___ The input ___

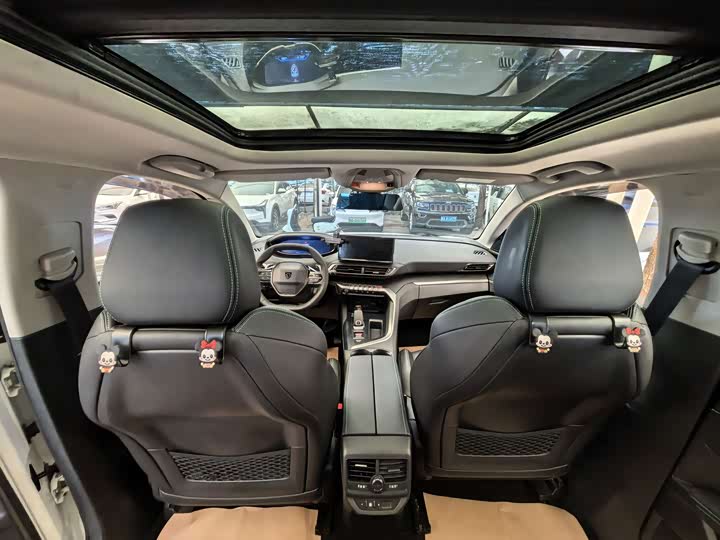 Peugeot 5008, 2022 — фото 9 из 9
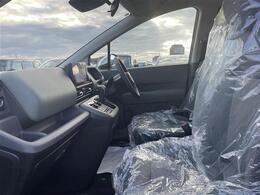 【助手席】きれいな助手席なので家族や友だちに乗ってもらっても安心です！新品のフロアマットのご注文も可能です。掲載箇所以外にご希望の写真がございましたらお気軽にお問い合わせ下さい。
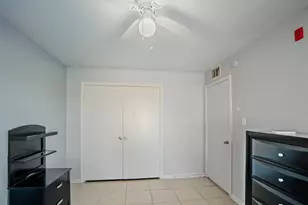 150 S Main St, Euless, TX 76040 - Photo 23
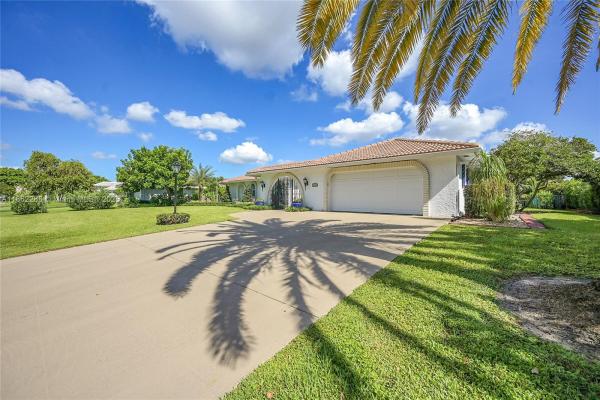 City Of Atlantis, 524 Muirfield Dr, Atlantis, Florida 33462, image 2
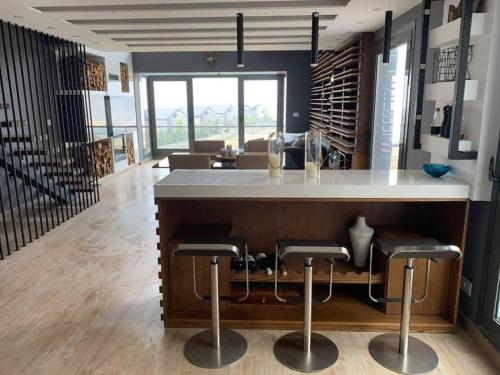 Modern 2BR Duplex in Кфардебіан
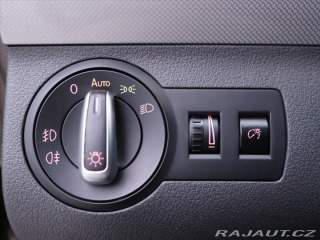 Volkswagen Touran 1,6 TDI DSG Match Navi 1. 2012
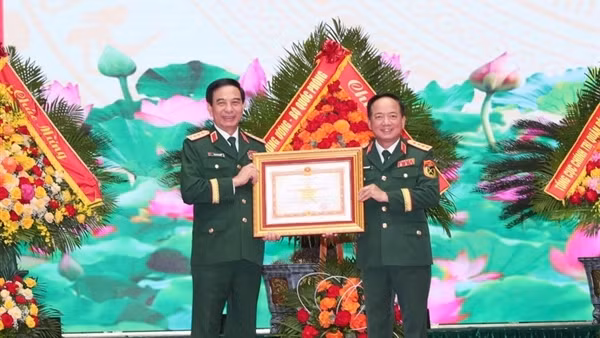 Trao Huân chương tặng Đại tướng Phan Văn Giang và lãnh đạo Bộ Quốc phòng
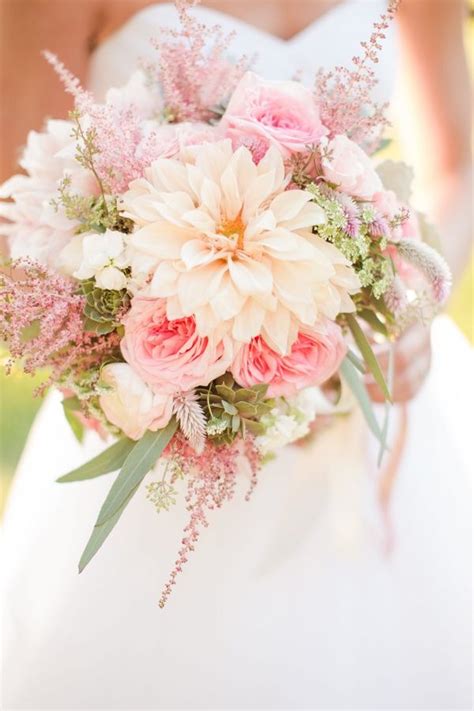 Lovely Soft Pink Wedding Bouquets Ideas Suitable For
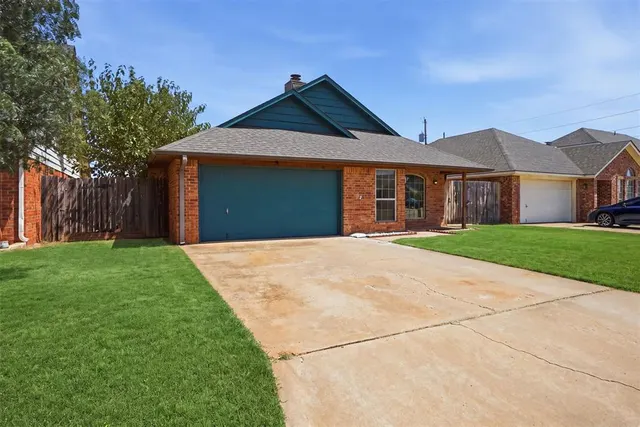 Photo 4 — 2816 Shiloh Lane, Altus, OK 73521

___

## [Task]
Transcribe the complete set of entries verbatim. No pictures belong in the copy.

## [Output for this exercise]
 Peugeot 5008, 2022 — фото 9 из 9
 【助手席】きれいな助手席なので家族や友だちに乗ってもらっても安心です！新品のフロアマットのご注文も可能です。掲載箇所以外にご希望の写真がございましたらお気軽にお問い合わせ下さい。
 150 S Main St, Euless, TX 76040 - Photo 23
 City Of Atlantis, 524 Muirfield Dr, Atlantis, Florida 33462, image 2
 Modern 2BR Duplex in Кфардебіан
 Volkswagen Touran 1,6 TDI DSG Match Navi 1. 2012
 Trao Huân chương tặng Đại tướng Phan Văn Giang và lãnh đạo Bộ Quốc phòng
 Lovely Soft Pink Wedding Bouquets Ideas Suitable For
 Photo 4 — 2816 Shiloh Lane, Altus, OK 73521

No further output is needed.